US20220108476A1

US20220108476A1 - Method and system for extrinsic camera calibration

Info

Publication number: US20220108476A1
Application number: US17/644,269
Authority: US
Inventors: Wen Zhang
Original assignee: Hinge Health Inc
Current assignee: Hinge Health Inc
Priority date: 2019-06-14
Filing date: 2021-12-14
Publication date: 2022-04-07
Also published as: CA3046609A1; EP3983998A4; KR20220024545A; JP2022536789A; JP7542558B2; EP3983998A1; WO2020250047A1

Abstract

A method of determining extrinsic parameters of a camera is disclosed. The method involves obtaining a digital calibration image and generating a plurality of synthetic views of the calibration image, each synthetic view having a set of virtual camera parameters. The method also includes identifying a set of features from each of the plurality of synthetic views, obtaining a digital camera image of a representation of the digital calibration image and identifying the set of features in the digital camera image. The method includes comparing each feature in the set of features of the digital camera image with each feature in each set of features generated for the plurality of synthetic views. Extrinsic parameters of the camera can then be calculated using the virtual camera parameters of the synthetic views associated with the best matches.

Description

CROSS-REFERENCE TO RELATED APPLICATIONS

This application is a continuation of International Patent Application No. PCT/IB2020/052938, filed on Mar. 27, 2020, which claims priority to Canadian Patent Application No. 3,046,609, filed on Jun. 14, 2019. All the aforementioned patent applications are hereby incorporated by reference in their entireties.

TECHNICAL FIELD

This disclosure relates to methods and systems for determining a camera's extrinsic parameters. In particular, the disclosure relates to the determination of a camera's six degree-of-freedom pose using image features.

BACKGROUND

A method for determining a camera's location uses fiducial markers with specialized designs from which known features can be extracted. For example, this can be done with QR-code-like markers or a checkboard pattern. Another method for determining a camera's location does not require any markers but instead employs a moving camera to map a scene and estimate the poses concurrently. An example of this latter method is visual simultaneous localization and mapping (VSLAM).
In the case where specialized markers are not desirable (e.g., for esthetic reasons) and it is not possible to move the camera, it may be useful to have a system that can calibrate the camera from a static viewpoint by capturing some known arbitrary graphic pattern.

SUMMARY

A method of determining extrinsic parameters of a camera is disclosed. The method involves obtaining a digital calibration image and generating a plurality of synthetic views of the calibration image, each synthetic view having a set of virtual camera parameters. The method also includes identifying a set of features from each of the plurality of synthetic views, obtaining a digital camera image of a representation of the digital calibration image and identifying the set of features in the digital camera image. The method includes comparing each feature in the set of features of the digital camera image, with each feature in each of the set of features of the synthetic views and identifying a set of matching features. The method includes the computing of virtual 3D positions of the matched synthetic features using the virtual camera parameters. The method concludes by computing the extrinsic camera parameters through solving the perspective n-points problem utilizing the virtual 3D positions with their matched captured features.

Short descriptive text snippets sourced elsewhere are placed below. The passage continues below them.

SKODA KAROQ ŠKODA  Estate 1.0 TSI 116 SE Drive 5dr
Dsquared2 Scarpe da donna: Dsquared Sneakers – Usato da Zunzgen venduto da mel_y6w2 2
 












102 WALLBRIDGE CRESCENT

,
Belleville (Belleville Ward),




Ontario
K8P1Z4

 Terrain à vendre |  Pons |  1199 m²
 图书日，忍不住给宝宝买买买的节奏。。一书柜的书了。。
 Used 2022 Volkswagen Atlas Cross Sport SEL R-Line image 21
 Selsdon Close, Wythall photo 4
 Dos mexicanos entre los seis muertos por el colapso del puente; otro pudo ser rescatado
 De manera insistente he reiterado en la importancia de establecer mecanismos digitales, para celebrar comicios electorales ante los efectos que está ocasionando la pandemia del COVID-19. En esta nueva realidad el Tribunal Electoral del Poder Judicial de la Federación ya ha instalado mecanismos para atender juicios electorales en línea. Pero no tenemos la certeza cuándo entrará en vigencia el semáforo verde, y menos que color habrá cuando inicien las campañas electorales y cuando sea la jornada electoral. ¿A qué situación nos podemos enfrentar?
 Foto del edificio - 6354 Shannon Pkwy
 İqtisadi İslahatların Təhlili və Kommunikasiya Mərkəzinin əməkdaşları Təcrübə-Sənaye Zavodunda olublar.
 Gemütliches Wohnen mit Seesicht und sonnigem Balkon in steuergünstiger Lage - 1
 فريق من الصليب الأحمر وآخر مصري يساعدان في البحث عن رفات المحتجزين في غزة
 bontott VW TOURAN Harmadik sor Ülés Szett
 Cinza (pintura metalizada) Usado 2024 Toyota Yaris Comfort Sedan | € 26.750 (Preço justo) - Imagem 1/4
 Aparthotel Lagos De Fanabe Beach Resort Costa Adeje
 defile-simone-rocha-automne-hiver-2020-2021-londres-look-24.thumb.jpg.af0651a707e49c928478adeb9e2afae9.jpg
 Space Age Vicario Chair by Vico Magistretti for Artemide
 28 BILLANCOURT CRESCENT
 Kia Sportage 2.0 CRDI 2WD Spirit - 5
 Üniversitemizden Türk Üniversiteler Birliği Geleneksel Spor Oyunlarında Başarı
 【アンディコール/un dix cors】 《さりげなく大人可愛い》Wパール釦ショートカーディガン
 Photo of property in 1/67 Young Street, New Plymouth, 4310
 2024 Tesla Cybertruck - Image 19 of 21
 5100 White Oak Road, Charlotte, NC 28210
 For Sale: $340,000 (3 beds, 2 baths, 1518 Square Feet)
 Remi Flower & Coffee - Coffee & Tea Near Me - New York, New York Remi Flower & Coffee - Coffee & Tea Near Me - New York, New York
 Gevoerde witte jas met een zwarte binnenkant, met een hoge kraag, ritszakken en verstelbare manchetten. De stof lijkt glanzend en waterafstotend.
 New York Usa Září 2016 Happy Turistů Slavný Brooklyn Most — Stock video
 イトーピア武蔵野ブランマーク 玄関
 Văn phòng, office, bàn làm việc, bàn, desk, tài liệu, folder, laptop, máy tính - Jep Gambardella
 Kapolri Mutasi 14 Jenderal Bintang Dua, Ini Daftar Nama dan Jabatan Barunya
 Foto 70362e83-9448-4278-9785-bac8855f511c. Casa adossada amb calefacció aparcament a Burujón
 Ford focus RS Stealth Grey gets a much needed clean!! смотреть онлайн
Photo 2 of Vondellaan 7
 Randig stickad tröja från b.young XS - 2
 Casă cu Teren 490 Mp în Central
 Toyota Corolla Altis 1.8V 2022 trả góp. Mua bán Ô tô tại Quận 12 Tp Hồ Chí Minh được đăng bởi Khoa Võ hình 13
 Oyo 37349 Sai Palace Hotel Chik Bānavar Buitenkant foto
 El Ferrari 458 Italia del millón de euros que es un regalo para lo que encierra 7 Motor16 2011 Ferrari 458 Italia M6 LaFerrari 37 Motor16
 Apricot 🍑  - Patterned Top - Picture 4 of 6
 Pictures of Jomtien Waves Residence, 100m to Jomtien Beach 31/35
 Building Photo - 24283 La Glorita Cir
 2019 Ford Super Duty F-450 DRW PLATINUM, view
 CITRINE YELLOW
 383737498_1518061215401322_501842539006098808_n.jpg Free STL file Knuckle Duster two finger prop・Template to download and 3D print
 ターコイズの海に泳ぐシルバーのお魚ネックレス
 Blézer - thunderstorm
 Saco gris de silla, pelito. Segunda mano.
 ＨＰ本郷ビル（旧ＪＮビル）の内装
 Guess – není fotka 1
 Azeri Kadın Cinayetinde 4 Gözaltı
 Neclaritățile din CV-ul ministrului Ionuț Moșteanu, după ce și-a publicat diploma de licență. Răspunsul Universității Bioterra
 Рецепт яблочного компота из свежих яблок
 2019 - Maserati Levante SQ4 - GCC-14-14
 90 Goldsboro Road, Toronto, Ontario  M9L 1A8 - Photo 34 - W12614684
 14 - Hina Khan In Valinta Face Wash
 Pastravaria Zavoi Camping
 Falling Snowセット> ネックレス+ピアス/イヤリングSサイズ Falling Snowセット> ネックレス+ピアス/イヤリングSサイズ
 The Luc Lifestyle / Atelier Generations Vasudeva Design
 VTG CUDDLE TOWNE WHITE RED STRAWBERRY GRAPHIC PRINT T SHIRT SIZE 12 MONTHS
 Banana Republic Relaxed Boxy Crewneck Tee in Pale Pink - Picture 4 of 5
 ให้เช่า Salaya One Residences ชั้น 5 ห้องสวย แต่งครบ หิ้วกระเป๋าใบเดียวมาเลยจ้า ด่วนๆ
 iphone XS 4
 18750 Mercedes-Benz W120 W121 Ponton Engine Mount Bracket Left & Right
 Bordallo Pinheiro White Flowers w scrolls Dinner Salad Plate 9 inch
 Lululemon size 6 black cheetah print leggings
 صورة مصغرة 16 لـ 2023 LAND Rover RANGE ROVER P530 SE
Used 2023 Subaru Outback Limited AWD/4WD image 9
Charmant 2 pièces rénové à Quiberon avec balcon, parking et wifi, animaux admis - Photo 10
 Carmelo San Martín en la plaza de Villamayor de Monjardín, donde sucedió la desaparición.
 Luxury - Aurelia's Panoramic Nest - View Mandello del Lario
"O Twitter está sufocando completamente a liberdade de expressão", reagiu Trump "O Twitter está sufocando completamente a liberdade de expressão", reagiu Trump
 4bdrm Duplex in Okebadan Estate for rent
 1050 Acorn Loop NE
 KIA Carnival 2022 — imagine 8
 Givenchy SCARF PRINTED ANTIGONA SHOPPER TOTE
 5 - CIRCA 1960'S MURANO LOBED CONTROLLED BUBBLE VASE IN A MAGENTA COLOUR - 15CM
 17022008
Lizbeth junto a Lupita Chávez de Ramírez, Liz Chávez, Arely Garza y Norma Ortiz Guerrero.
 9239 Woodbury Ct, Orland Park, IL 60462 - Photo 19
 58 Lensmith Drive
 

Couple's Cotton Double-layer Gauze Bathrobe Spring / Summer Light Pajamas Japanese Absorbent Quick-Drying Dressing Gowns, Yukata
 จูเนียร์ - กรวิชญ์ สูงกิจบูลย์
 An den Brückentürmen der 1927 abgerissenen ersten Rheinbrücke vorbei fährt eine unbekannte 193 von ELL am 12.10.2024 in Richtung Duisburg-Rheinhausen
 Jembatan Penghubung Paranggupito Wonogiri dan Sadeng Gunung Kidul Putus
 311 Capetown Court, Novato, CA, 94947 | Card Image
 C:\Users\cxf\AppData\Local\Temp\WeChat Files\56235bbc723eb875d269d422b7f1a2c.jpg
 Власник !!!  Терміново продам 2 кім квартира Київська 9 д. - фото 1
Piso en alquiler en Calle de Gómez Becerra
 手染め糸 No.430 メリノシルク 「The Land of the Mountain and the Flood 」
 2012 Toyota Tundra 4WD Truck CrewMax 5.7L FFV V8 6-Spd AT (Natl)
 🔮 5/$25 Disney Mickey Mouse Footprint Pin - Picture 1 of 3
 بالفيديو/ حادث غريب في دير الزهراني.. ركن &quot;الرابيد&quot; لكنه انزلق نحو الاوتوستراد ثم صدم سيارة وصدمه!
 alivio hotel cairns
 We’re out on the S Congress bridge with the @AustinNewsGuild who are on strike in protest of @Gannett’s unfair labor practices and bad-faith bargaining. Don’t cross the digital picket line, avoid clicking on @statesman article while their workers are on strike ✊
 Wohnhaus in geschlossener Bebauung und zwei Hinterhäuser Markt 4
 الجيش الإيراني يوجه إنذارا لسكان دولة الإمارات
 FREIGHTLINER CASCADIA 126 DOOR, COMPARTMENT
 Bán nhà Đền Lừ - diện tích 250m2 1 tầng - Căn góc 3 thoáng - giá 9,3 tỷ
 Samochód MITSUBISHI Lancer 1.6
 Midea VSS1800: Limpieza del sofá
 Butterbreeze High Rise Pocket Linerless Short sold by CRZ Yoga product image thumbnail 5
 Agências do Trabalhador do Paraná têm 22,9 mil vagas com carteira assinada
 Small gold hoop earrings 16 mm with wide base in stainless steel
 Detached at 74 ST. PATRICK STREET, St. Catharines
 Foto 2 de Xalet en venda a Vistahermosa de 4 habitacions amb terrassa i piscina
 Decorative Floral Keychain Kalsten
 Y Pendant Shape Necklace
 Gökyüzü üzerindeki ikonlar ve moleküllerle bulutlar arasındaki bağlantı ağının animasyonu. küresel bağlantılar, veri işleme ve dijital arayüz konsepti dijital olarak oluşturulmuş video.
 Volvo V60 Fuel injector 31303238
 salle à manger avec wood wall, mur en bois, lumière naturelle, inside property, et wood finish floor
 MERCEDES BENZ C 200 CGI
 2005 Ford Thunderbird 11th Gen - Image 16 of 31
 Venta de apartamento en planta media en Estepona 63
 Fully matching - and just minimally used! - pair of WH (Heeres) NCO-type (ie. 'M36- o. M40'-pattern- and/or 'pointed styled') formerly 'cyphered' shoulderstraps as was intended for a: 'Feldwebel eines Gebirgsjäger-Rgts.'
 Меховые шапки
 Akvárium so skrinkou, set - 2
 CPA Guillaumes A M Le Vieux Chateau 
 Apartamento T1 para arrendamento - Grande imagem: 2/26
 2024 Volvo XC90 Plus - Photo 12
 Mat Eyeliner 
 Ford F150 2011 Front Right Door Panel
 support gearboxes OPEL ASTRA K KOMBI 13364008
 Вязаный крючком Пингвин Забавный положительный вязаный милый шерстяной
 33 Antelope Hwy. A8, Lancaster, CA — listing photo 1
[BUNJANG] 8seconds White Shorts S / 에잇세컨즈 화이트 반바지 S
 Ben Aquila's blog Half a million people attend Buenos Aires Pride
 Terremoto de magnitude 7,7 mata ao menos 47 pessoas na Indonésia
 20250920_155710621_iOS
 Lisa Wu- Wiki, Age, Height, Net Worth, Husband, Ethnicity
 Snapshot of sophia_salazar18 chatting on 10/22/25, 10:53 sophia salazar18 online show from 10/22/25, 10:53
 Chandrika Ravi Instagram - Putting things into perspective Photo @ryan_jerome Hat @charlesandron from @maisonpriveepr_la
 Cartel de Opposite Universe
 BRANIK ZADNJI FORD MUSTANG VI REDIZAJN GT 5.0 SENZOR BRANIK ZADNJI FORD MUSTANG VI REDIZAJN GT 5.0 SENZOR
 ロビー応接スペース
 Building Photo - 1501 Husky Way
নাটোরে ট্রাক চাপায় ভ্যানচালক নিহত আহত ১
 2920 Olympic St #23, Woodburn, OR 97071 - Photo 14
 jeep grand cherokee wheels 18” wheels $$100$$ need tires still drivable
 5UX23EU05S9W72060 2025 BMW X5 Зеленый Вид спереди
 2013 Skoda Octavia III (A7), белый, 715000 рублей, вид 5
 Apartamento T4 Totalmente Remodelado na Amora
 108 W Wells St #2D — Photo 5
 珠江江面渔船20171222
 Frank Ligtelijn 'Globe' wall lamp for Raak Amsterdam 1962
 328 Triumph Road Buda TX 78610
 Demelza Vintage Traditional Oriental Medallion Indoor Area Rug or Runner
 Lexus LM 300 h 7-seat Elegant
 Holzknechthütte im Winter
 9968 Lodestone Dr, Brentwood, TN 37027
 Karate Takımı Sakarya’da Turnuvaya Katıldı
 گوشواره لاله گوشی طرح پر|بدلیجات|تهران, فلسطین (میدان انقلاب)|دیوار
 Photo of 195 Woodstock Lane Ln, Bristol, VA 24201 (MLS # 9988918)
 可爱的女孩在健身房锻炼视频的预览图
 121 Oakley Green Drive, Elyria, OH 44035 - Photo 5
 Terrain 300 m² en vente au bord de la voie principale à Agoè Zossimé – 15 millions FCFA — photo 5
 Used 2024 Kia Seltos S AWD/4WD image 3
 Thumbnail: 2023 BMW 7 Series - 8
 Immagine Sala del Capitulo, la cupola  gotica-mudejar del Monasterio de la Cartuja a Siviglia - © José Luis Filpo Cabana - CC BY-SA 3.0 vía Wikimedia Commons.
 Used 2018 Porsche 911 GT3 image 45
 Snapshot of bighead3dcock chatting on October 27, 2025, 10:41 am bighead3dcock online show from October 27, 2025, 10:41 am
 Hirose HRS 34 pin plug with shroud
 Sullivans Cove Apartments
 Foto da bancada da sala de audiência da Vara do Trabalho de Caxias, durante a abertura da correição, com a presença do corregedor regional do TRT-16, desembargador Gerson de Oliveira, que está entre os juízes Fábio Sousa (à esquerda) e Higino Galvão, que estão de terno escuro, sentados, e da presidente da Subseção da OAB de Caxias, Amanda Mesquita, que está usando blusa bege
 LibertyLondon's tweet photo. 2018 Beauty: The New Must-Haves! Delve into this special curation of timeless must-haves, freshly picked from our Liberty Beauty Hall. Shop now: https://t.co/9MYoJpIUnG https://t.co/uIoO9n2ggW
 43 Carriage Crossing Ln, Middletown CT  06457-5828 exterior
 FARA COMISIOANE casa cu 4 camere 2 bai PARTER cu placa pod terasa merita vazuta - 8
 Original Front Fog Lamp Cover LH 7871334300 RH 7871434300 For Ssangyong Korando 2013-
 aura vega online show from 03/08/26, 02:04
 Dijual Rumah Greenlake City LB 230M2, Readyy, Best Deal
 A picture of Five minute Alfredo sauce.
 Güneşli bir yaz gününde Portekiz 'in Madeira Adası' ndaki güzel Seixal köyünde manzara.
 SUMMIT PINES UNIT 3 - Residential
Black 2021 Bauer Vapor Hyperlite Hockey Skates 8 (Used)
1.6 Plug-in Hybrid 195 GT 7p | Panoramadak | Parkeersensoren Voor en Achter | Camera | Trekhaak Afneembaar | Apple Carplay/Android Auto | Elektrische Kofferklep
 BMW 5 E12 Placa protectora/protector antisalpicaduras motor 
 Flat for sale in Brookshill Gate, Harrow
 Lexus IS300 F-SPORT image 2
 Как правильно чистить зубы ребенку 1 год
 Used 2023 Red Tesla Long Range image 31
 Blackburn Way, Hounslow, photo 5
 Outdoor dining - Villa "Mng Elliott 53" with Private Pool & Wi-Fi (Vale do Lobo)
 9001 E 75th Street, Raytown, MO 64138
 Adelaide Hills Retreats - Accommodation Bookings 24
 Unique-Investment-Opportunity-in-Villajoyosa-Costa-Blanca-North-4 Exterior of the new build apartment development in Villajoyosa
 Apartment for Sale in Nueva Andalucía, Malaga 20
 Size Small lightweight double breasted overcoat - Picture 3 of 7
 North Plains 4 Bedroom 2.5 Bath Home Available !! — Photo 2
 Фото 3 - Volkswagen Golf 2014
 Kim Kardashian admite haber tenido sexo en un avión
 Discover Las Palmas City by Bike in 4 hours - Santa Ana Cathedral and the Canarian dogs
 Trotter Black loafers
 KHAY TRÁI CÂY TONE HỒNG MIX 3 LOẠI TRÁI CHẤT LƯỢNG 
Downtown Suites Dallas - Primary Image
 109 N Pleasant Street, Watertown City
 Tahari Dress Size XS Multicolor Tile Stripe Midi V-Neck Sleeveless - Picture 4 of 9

BRIEF DESCRIPTION OF THE DRAWINGS

In drawings which illustrate by way of example only a preferred embodiment of the disclosure

FIG. 1 is a representation of the high-level architecture of an embodiment of the camera calibration system.

FIG. 2 is an example representation of synthetic views of a calibration image using virtual camera parameters.

FIG. 3 is a series of example representations of feature correspondences between the captured image and synthetic views.

DETAILED DESCRIPTION

This disclosure is directed to a camera calibration method and system for computing extrinsic camera parameters. A calibration image of arbitrary but asymmetric design may be embedded onto or printed on a substantially planar surface visible to the camera being calibrated. A synthetic pattern generator may produce synthetic views of the calibration image with virtual camera parameters. A feature detection and matching module may correlate two-dimensional (2D) points in the captured image with virtual three-dimensional (3D) points in the synthetic views. A calibration solver may then compute the extrinsic parameters from the 2D-3D correspondences.
The extrinsic parameters of a camera are typically composed of a translation component t=(X, Y, Z) and a rotation component R. In 3-space, the former may be represented as a 3-vector and the latter may be represented as a vector of Euler angles. The rotation component may alternatively be represented as a 3×3 rotation matrix, an angle-axis vector, or similar. Extrinsic calibration is the process of obtaining R and t. Intrinsic parameters of a camera are generally known from the camera and may include the field of view, focal length, and any lens distortion. Some intrinsic parameters may be changeable based on settings on the camera, such as focal length on a zoom lens but assumed to be known for the purposes of the calibration.
With reference to FIG. 1, a calibration system may comprise a camera to be calibrated 10, a digital calibration image 20, a physical planar calibration pattern 30, an image capture module 40, and a calibration module 50. The calibration module may contain a synthetic pattern generator 51, a feature detector 52, a feature matching module 53 and a calibration solver 54.
The digital calibration image 20 may be of arbitrary design, although preferably with an asymmetry along at least one axis. The asymmetry may assist with avoiding ambiguous solutions. This digital calibration image 20 may be embedded on a plane with a known physical size to comprise the planar calibration pattern 30. Example embodiments include a flat moveable board with the printed design or a surface such as a wall or floor with a pasted decal. An embodiment may use one or more of these planar calibration patterns, with the requirement that each pattern contains a distinct design. The digital calibration image 20 and therefore the planar calibration pattern 30 may be a logo, background image or other design that may already normally appear in the camera's 10 field of view.
The image capture module 40 may convert a video signal from a video source into data suitable for digital image processing. The video source may be a digital camera or some other stream of video such as a video stream over the internet. The image capture module may provide an application programming interface, such as from a camera manufacturer of the camera 10 or a third-party software library.
With reference to FIG. 2, the synthetic pattern generator module 51 may accept the digital calibration image 20 as an input and produces synthetic views 60. The synthetic pattern generator may be a software module that leverages existing 3D rendering frameworks such as OpenGL (or DirectX, Unity3D, Unreal, etc.) to render the digital calibration image into different synthetic views. A synthetic view may be an image that depicts the planar calibration pattern 20 under some camera projective transform. This projective transform of the virtual camera may be calculated from virtual camera parameters 70. The virtual camera parameters are sets of translation and rotation coordinates for the virtual camera relative to the planar calibration pattern 20. These virtual camera parameters may be used to map any 2D image coordinate in the synthetic view to a 3D position on the calibration pattern and vice versa.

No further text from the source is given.